More recently, CARE built the Santo health center, one of two it has constructed so far and one of 10 planned in all. CARE staff and nurses from a nearby hospital offer education on overall sexual health, contraceptive pills and injections, condoms and group informational sessions for men and women on the prevention of gender-based violence.

Maude often brings her daughter to the center because she's determined her daughter will avoid the hard life she has had. At 36, Maude is the mother of eight children.

"I have four children with a man I didn't love," Maude says. "He didn't want to use contraception and I didn't know how to protect myself." Maude eventually got married and had four more children with her husband. She and her husband attend CARE-sponsored sessions at the center because they've agreed they do not want to have more children.

Nurse Marie Kencia Dulorme is preparing a vaccine at one of the women's centre setting up by CARE in Leogane to provide reproductive health and referral services.

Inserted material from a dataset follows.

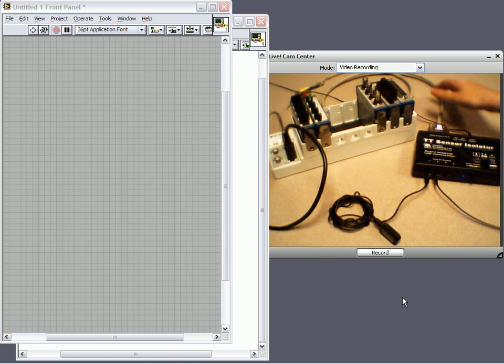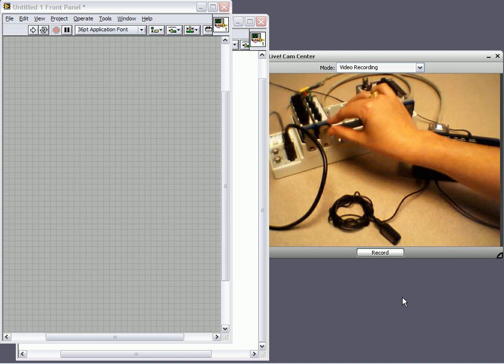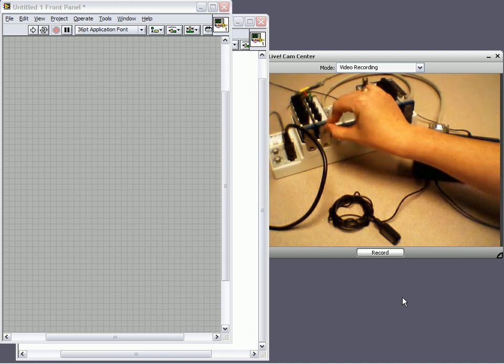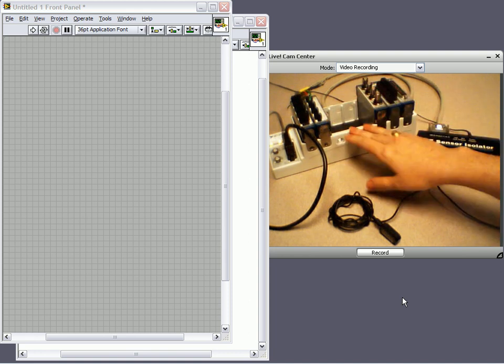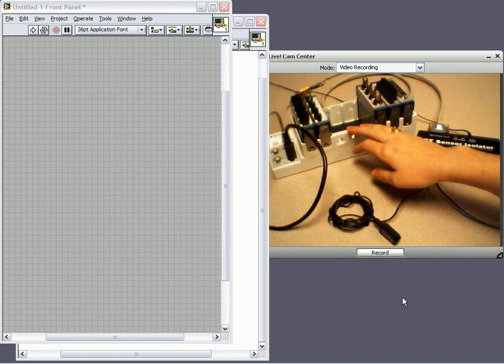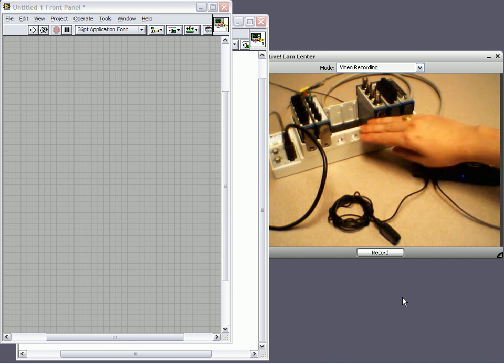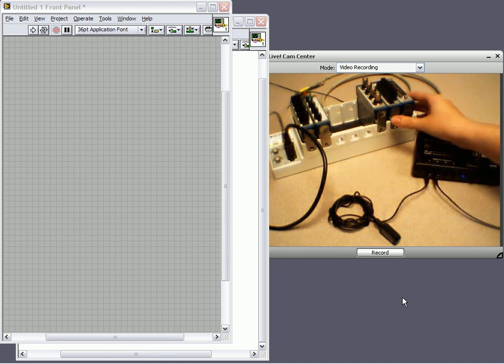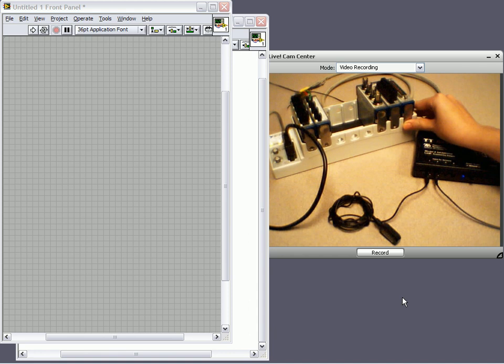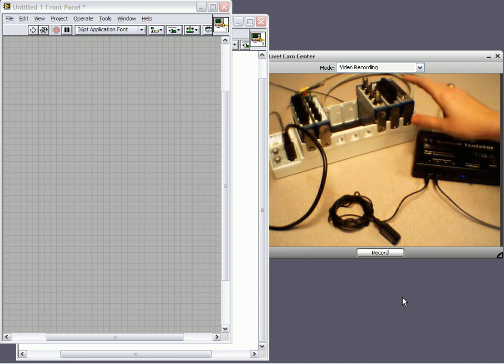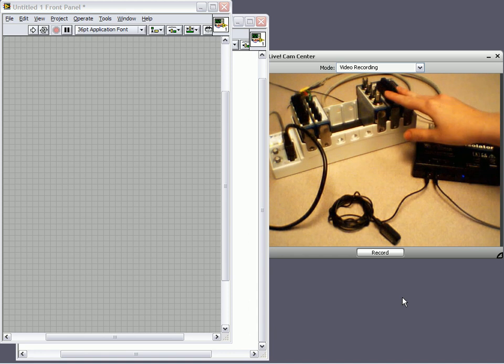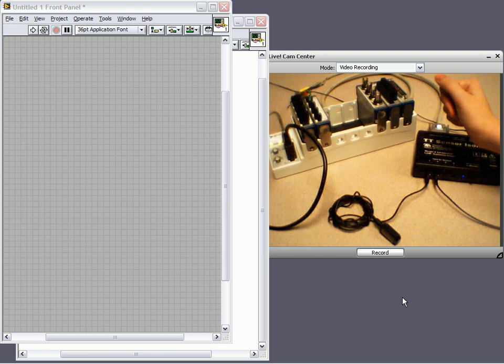We've cabled from the isolator to our 9239 analog input module. Now you'll notice that I've replaced the 9174 4-slot compact DAQ chassis with this, the 9178 8-slot chassis. This allows us to incorporate additional modules to expand the functionality of our system.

"My husband participated in numerous session organized by CARE's staff," Maude says. "He is now aware of the risk I run by multiplying pregnancies and has decided to protect me by using condoms."

Maude's daughter attends sessions on teaching her about birth control, prevention of HIV and other sexually transmitted diseases, as well as classes on preventing gender-based violence. Maude says the classes have relaxed tensions between her and her daughter. Her daughter now understands her worries, she says. And she now has the right words for explaining to her daughter how and why to be cautious.

Maude expresses gratitude for the center, and she is not alone.

"Even when CARE staff is not here, women from Santo who were trained by CARE are inside sharing their knowledge with their peers," says Willio Sainvilus Latagnac, president of the Santo community association. "The community made this space their own and women have their own area where they can discuss their problems, find solutions together, and regain strength."